◆ **PROBLEM TO SOLVE**
Leaving out all images, return the entries below exactly.

[Short descriptive text snippets]

--- START ---

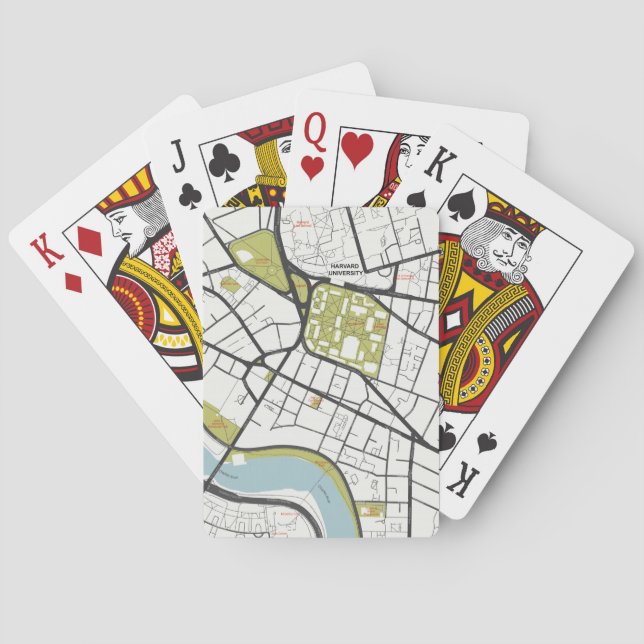 BARAJA DE CARTAS MAPA DE MASSACHUSETES DE LA UNIVERSIDAD DE HARVARD (Reverso)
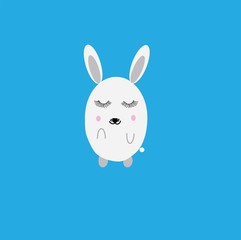 cute rabbit isolated on blue background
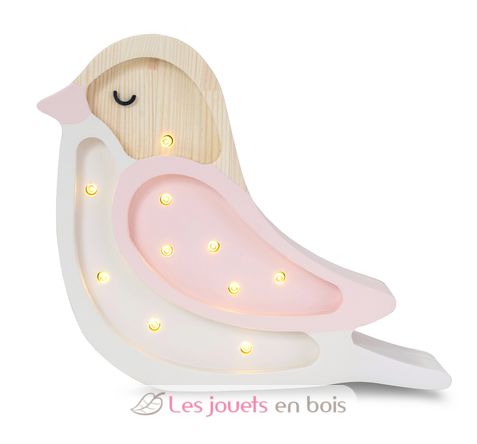 Lampe Veilleuse Oiseau Fraise Crème - Lampes et veilleuses en bois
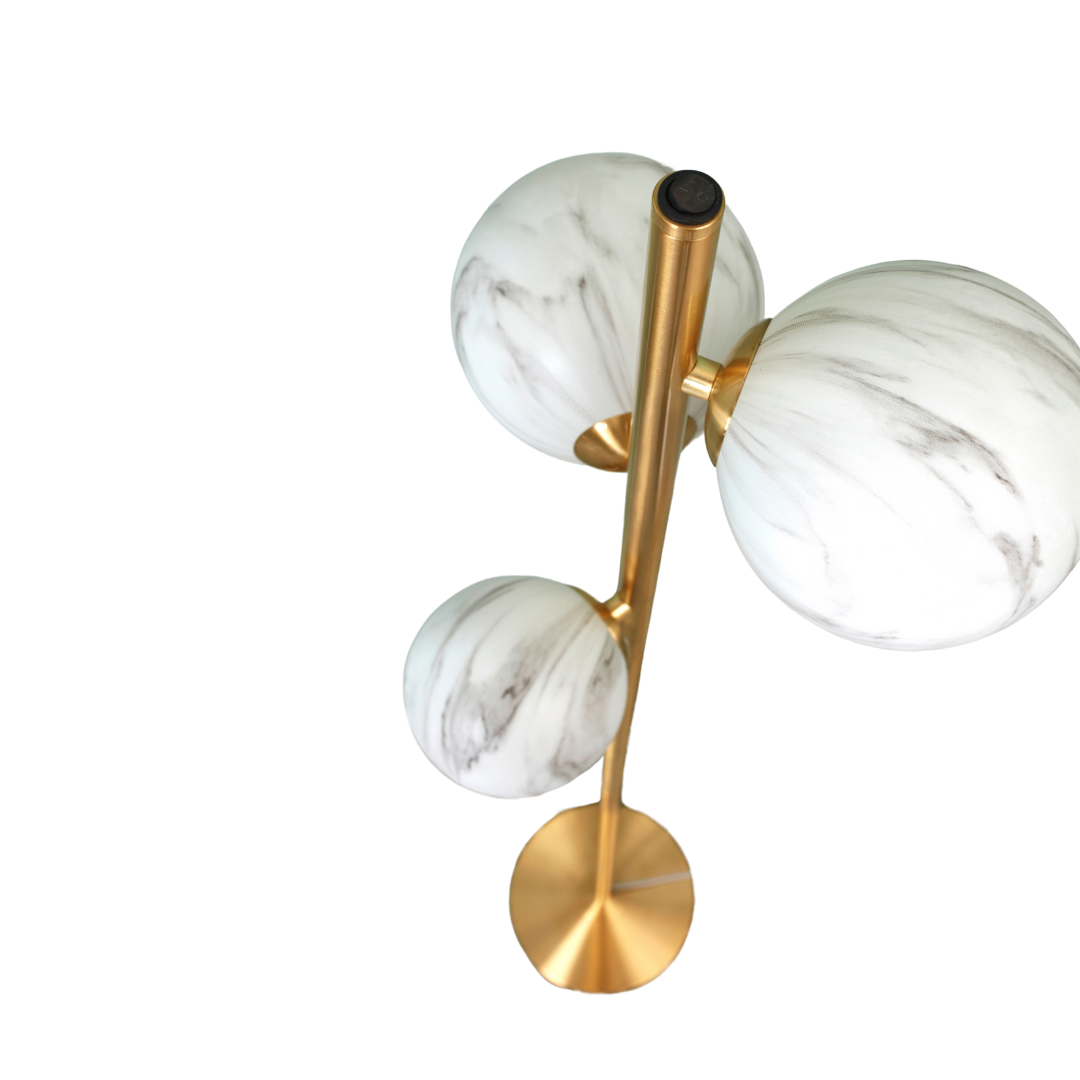 Floor lamp Iron Carrara 3-globe Marble print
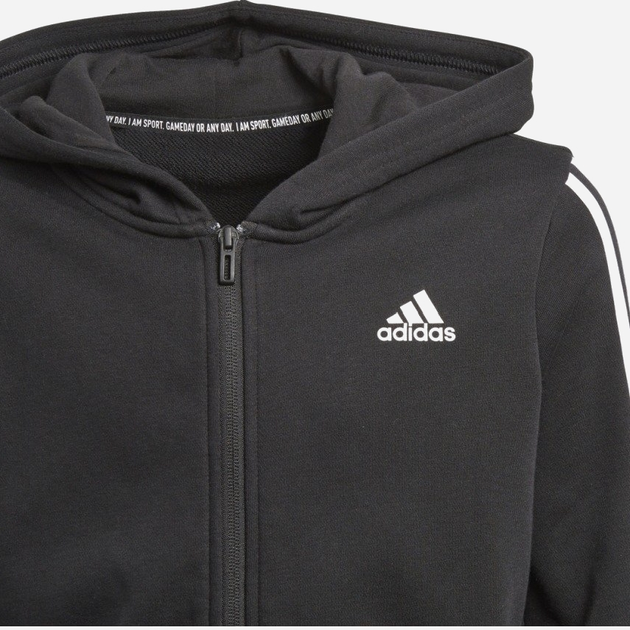 Dziecięca bluza rozpinana z kapturem dla chłopca Adidas Yb Mh 3S Fz DV0819 128 cm Czarna (4061615168345) - obraz 5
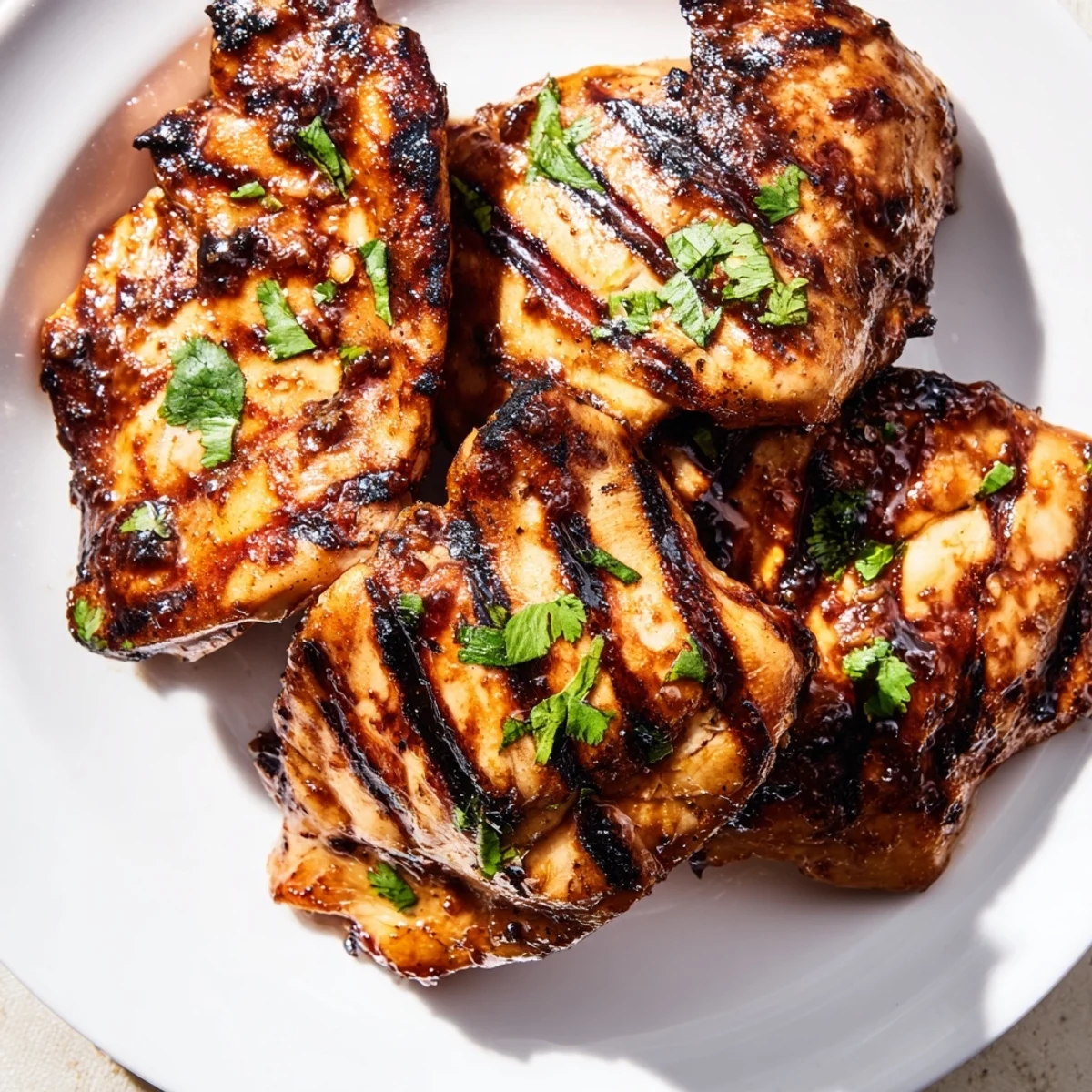 Golden Grilled Vietnamese Chicken with visible char marks and fresh cilantro garnish on a white plate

--- END ---

◆ **ANSWER BELOW**
 BARAJA DE CARTAS MAPA DE MASSACHUSETES DE LA UNIVERSIDAD DE HARVARD (Reverso)
 cute rabbit isolated on blue background
 Lampe Veilleuse Oiseau Fraise Crème - Lampes et veilleuses en bois
 Floor lamp Iron Carrara 3-globe Marble print
 Dziecięca bluza rozpinana z kapturem dla chłopca Adidas Yb Mh 3S Fz DV0819 128 cm Czarna (4061615168345) - obraz 5
 Golden Grilled Vietnamese Chicken with visible char marks and fresh cilantro garnish on a white plate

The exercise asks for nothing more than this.